§ **Dataset entries**:
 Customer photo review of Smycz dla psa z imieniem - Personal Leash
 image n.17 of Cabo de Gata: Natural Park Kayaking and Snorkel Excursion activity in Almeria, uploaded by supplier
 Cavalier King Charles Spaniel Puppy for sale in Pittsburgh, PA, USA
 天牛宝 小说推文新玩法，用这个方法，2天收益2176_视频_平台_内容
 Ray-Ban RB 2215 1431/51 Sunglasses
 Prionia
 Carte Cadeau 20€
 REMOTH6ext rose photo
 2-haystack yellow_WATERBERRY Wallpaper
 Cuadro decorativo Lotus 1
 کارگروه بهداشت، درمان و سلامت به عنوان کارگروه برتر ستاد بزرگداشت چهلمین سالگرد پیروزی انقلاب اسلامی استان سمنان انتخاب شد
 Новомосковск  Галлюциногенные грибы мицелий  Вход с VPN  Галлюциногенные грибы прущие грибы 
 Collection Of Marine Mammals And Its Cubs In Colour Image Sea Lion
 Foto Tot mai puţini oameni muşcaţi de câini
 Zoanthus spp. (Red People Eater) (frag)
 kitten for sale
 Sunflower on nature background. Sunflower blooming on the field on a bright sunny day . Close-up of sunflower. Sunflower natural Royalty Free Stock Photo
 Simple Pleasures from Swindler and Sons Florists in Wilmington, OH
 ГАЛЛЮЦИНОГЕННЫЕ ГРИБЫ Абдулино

§ **Prompt**:
Begin with the line that holds "Cuadro decorativo Lotus 1" and write out each line from there to the end of the material, exactly as it stands. Include nothing else.

§ **Answer box**:
 Cuadro decorativo Lotus 1
 کارگروه بهداشت، درمان و سلامت به عنوان کارگروه برتر ستاد بزرگداشت چهلمین سالگرد پیروزی انقلاب اسلامی استان سمنان انتخاب شد
 Новомосковск  Галлюциногенные грибы мицелий  Вход с VPN  Галлюциногенные грибы прущие грибы 
 Collection Of Marine Mammals And Its Cubs In Colour Image Sea Lion
 Foto Tot mai puţini oameni muşcaţi de câini
 Zoanthus spp. (Red People Eater) (frag)
 kitten for sale
 Sunflower on nature background. Sunflower blooming on the field on a bright sunny day . Close-up of sunflower. Sunflower natural Royalty Free Stock Photo
 Simple Pleasures from Swindler and Sons Florists in Wilmington, OH
 ГАЛЛЮЦИНОГЕННЫЕ ГРИБЫ Абдулино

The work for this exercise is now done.